History of the Olympic Games


Site: Rome, Italy
Dates: August 25 - September 11
Nations: 84
Total Athletes: 5,348
Sports: 17

This would be the Olympiad that would give birth to ultimately the world's most beloved, most controversial and most recognized athlete, Cassius Clay, later to take the name Muhammad Ali. The 18-year old Ali dominated the boxing arena like no one ever has or most likely, ever will again. He easily took out 25-year- old, three-time gold medal champion Zvigniew Pietrzkowski of Poland.

Clay's personality dominated the Games with his colorful poetry and controversial speeches about the United States.

It was a disappointing performance for the American track and field team. Ray Norton, the world record holder at 200 meters and a clear cut favorite to win both the 100 and 200-meter races, finished a disappointing sixth respectively. Norton was also a member of the 4 x 100 relay team that was disqualified for an illegal baton exchange. The Americans did get a gold medal in the 400-meter hurdles when Otis Davis accomplished the feat in a world record time of 44.9 seconds.

Wilma Rudolph received international recognition for her heroic performance in the Games. Rudolph, who had been a polio victim in her childhood years, rebounded to win three gold medals in track and field.

More nations won gold medals in track and field than in any other Olympics. Peter Snell and Murray Halberg of New Zealand won the 800 and 5,000 meters respectively, Herb Elliott of Australia won the 1,500 meters, Armin Hary of Germany captured the 100 meters, while Italy's Livio Berruti became the first non-North American to win the 200 meters in Olympic history. Soviet Union's Pyotr Bolotnikov won the gold in the 10,000 meters, Zdislaw Kryszkowiak of Poland took the steeplechase, Abebe Bikila of Ethiopia became the first African to win an Olympic gold medal, dosing so in bare feet.

Led by future NBA All-Stars and future Hall of Famers in Oscar Robertson, Jerry Lucas and Jerry West, American dominated the basketball events, outscoring their opponents by 43 points, 102-59.

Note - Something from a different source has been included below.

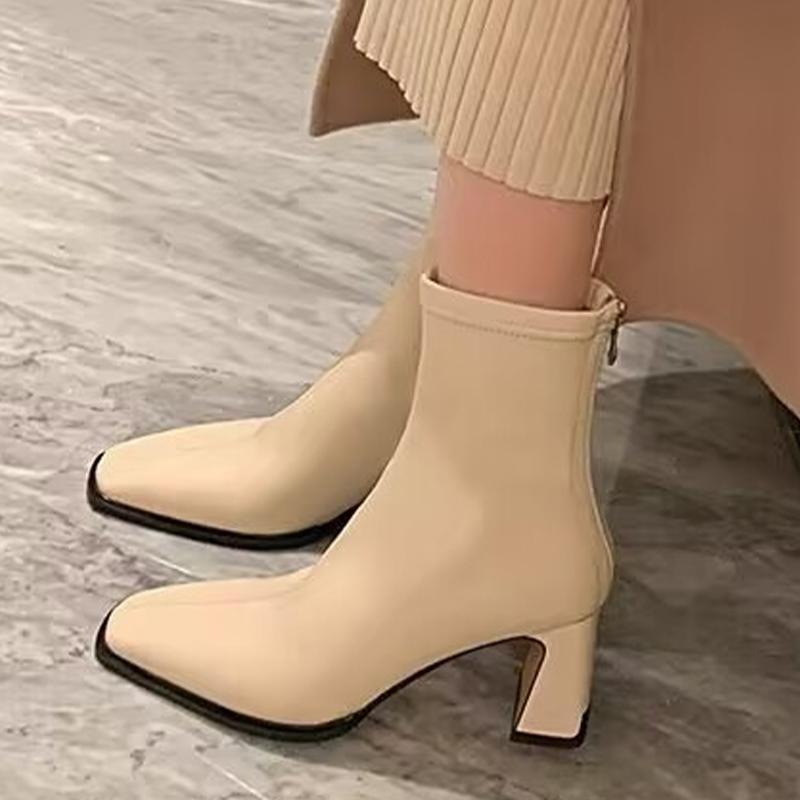 

Ботильоны зимние женские туфли кожаные квадратные носки высокие каблуки сексуальные туфли 2025 тренд мода массивные туфли готические Chelea Botas Mujer 40 покинуть белый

The most interesting of all events was in the decathlon, which pitted friend against friend, American Rafer Johnson versus C.K. Yang of Taiwan. The pair was college teammates and best friends. They battled each other right to the end, where on the final event of the competition (1,500 meter run), a mere 67 points separated the two. With Johnson holding the lead, Yang new he would have to beat his friend by at least 10 seconds to win the first ever gold for his homeland. While Yang won the race (4:48 against 4:49), Johnson walked away with the gold.

Italians enjoyed their best ever Olympics, capturing 36 total medals, including 13 gold. Only the United States (71 total medals, 34 gold) and the Soviet Union (103 total medals, 43 gold) enjoyed better success. The hosts had tremendous success in most of the cycling events and sent six boxers to the finals for medals. Giovanni Benvenuti earned the gold in the welterweight division while teammate Franco De Piccoli earned a gold in the heavyweight division.